> [DATA SUPPLIED]:
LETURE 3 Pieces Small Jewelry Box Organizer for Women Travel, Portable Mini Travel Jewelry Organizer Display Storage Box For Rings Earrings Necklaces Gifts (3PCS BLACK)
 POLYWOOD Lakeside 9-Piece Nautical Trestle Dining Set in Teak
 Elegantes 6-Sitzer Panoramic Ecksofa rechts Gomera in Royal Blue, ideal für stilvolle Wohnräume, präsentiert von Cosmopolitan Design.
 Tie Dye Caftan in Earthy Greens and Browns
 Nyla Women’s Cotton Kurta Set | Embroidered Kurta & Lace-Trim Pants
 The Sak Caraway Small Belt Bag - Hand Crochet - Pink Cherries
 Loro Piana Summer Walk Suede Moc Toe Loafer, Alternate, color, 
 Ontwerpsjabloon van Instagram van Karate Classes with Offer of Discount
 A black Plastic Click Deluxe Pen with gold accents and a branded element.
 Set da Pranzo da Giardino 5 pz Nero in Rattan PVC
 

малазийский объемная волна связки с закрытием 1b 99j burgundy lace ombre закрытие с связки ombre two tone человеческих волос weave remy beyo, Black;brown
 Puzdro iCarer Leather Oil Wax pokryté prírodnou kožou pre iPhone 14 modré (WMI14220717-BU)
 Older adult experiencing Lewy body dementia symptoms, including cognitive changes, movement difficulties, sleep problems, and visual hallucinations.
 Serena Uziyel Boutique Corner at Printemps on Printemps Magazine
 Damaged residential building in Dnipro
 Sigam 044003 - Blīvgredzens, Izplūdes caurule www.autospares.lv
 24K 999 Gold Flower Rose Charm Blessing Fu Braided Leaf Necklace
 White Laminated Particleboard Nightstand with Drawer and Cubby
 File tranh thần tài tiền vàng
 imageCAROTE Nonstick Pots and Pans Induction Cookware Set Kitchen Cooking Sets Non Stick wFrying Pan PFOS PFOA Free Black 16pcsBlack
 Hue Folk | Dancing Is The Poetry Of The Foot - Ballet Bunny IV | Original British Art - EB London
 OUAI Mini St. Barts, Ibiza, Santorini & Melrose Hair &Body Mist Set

> [TASK DESCRIPTION]:
Find "A black Plastic" in the records. Copy its line and every line after it, exactly, through the last one.

> [TASK ANSWER]:
 A black Plastic Click Deluxe Pen with gold accents and a branded element.
 Set da Pranzo da Giardino 5 pz Nero in Rattan PVC
 

малазийский объемная волна связки с закрытием 1b 99j burgundy lace ombre закрытие с связки ombre two tone человеческих волос weave remy beyo, Black;brown
 Puzdro iCarer Leather Oil Wax pokryté prírodnou kožou pre iPhone 14 modré (WMI14220717-BU)
 Older adult experiencing Lewy body dementia symptoms, including cognitive changes, movement difficulties, sleep problems, and visual hallucinations.
 Serena Uziyel Boutique Corner at Printemps on Printemps Magazine
 Damaged residential building in Dnipro
 Sigam 044003 - Blīvgredzens, Izplūdes caurule www.autospares.lv
 24K 999 Gold Flower Rose Charm Blessing Fu Braided Leaf Necklace
 White Laminated Particleboard Nightstand with Drawer and Cubby
 File tranh thần tài tiền vàng
 imageCAROTE Nonstick Pots and Pans Induction Cookware Set Kitchen Cooking Sets Non Stick wFrying Pan PFOS PFOA Free Black 16pcsBlack
 Hue Folk | Dancing Is The Poetry Of The Foot - Ballet Bunny IV | Original British Art - EB London
 OUAI Mini St. Barts, Ibiza, Santorini & Melrose Hair &Body Mist Set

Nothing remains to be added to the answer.